This article walks you through the initial setup for ShareGate Protect: creating your ShareGate account, connecting your Microsoft 365 tenant, and completing the admin consent required to start your first tenant analysis.
Prerequisites
Before you start, make sure you have the following:
An active ShareGate Protect subscription
A business email address (personal domains like Hotmail or Gmail are not accepted)
A Microsoft 365 global admin or privileged role admin available to consent to permissions, or the ability to send them a consent request
Step 1: Set up your ShareGate account
An account is required to access ShareGate Protect.
You can create one in two ways:
New to ShareGate: Go to login.sharegate.com to register for a full-featured 15-day trial.
Joining an existing workspace: Accept the invitation email from your ShareGate workspace owner.

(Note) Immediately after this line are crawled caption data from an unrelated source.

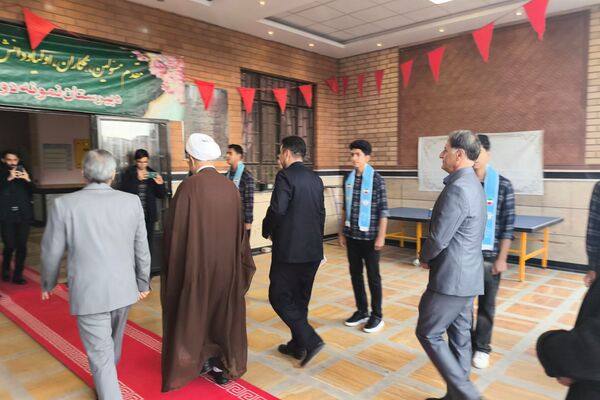 جشن کتاب و گرامیداشت هفته کتاب‌خوانی در مدرسه نمونه دولتی استاد مطهری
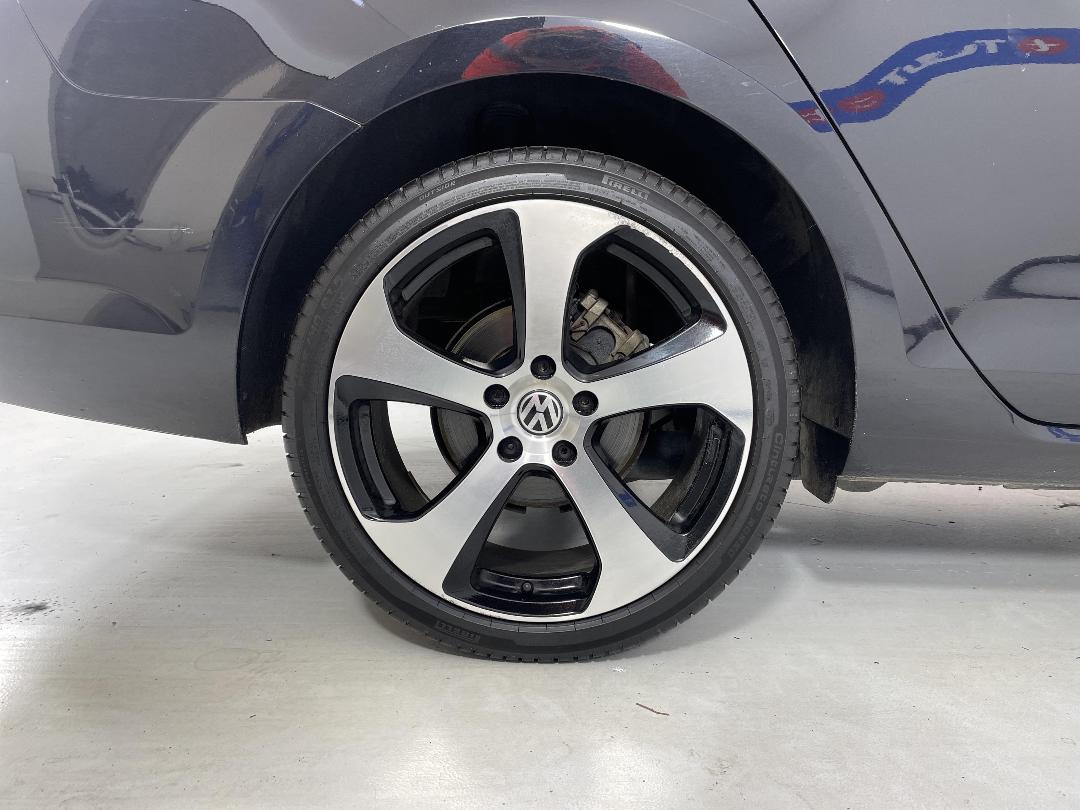 Photo '12' of Volkswagen Golf Photo '12' of Volkswagen Golf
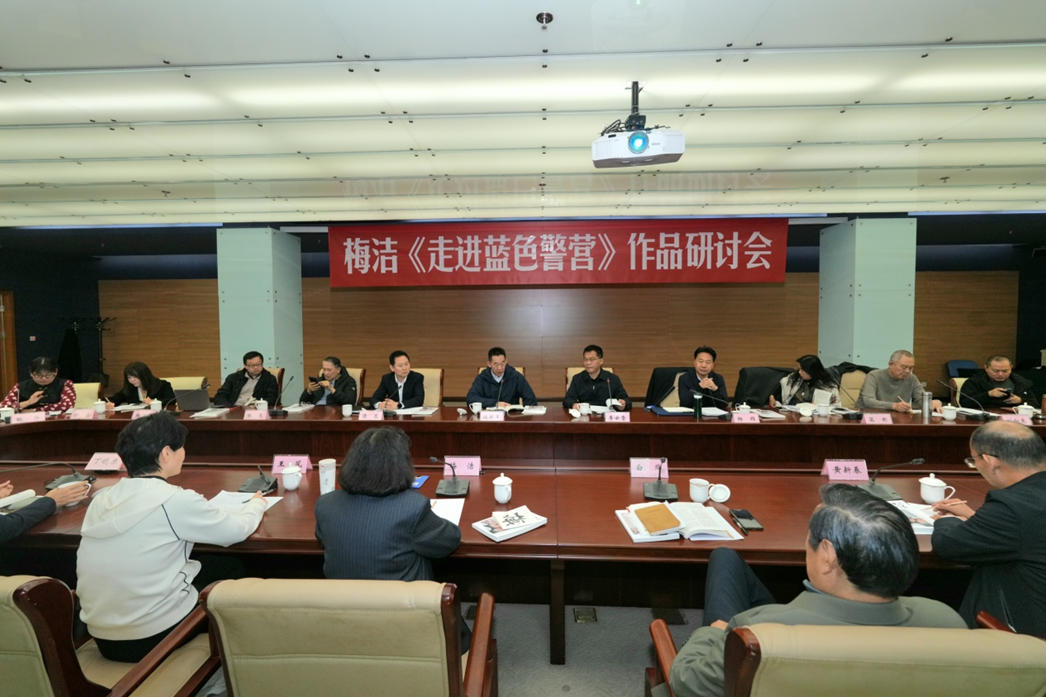 11��27�գ�÷�౨����ѧ���߽���ɫ��Ӫ�����ֻ��ڱ����й��ִ���ѧ�ݾ��С�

Note: A business email address is required. Personal email domains (such as Hotmail or Gmail) and disposable email services are not accepted.
Step 2: Sign in to ShareGate Home
Sign in at login.sharegate.com. ShareGate Home is your central hub for all ShareGate products, including ShareGate Protect.

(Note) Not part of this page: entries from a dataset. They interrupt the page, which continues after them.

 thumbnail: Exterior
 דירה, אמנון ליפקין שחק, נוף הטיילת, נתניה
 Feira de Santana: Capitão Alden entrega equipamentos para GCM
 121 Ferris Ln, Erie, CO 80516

Step 3: Open ShareGate Protect
In ShareGate Home, click Open under ShareGate Protect.
If this is your first time connecting a tenant to Protect, you'll be prompted to consent to a set of Microsoft 365 permissions.
Step 4: Complete the Microsoft 365 admin consent
ShareGate Protect requires a one-time admin consent to read your Microsoft 365 tenant. This registers the ShareGate Protect Enterprise application in your Microsoft Entra tenant.
Note: The Enterprise app is registered under Workleap, ShareGate's parent company. If you see the Workleap name in the Microsoft consent dialog, this is expected.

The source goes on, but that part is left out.